“These animals’ off-the-charts strength and survival skills had become a source of inspiration for me by now. Even so, I was never going to get used to dealing with the intensity of a wolverine when it’s up close and cornered.” — Douglas Chadwick, National Parks Magazine, Winter 2011
Seven years ago, author and biologist Douglas Chadwick volunteered for The Wolverine project, a five-year study conducted in Glacier National Park by The Wolverine Foundation. Chadwick has compiled his experiences into The Wolverine Way, a 250-page book released in May by Pantagonia. (There’s a detailed story in the June18th issue of The Missoulian.)

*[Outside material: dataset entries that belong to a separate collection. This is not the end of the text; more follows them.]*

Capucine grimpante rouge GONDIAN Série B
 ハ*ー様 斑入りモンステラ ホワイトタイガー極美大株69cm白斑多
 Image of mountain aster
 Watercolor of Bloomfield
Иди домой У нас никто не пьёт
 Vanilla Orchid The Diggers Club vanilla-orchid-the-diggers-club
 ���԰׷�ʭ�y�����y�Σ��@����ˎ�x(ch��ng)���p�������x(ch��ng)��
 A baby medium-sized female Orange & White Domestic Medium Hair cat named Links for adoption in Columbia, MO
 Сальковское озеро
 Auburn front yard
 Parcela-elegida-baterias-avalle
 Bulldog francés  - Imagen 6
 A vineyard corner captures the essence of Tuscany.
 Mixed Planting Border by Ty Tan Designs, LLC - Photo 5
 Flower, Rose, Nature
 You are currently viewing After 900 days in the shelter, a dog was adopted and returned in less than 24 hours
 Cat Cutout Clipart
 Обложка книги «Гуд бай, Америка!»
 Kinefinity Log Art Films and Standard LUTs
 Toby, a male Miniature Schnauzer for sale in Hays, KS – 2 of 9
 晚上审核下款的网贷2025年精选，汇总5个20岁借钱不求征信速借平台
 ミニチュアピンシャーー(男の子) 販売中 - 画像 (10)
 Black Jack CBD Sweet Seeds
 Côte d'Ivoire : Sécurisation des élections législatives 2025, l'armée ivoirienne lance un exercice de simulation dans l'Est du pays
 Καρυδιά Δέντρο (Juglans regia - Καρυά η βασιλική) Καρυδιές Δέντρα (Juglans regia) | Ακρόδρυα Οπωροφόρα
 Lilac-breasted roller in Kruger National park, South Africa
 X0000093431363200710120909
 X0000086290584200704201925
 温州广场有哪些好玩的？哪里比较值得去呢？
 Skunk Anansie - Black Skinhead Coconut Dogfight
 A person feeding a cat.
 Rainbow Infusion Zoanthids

Chadwick’s book and the related article in the current issue of National Parks may help dispel some of the myths and misunderstandings about this seldom-seen animal that is, as Chadwick says, “more complex than the legends that surround it.
As the non-profit Wolverine Foundation notes on its website, it is focusing on the wolverine not “because we feel the wolverine is in danger of extinction, but because it is in need of attention.” The site includes links to the growing database of wolverine information that will suit the needs of wildlife biologists and the general public.
The Wolverine Way is a nice addition to the library of those with a passion for Glacier National Park.
One can only stand in awe of an animal with a strategy that Chadwick suggests might sound like this: “Go hard, and high, and steep, and never back down, not even from the biggest grizzly, and least of all from a mountain.”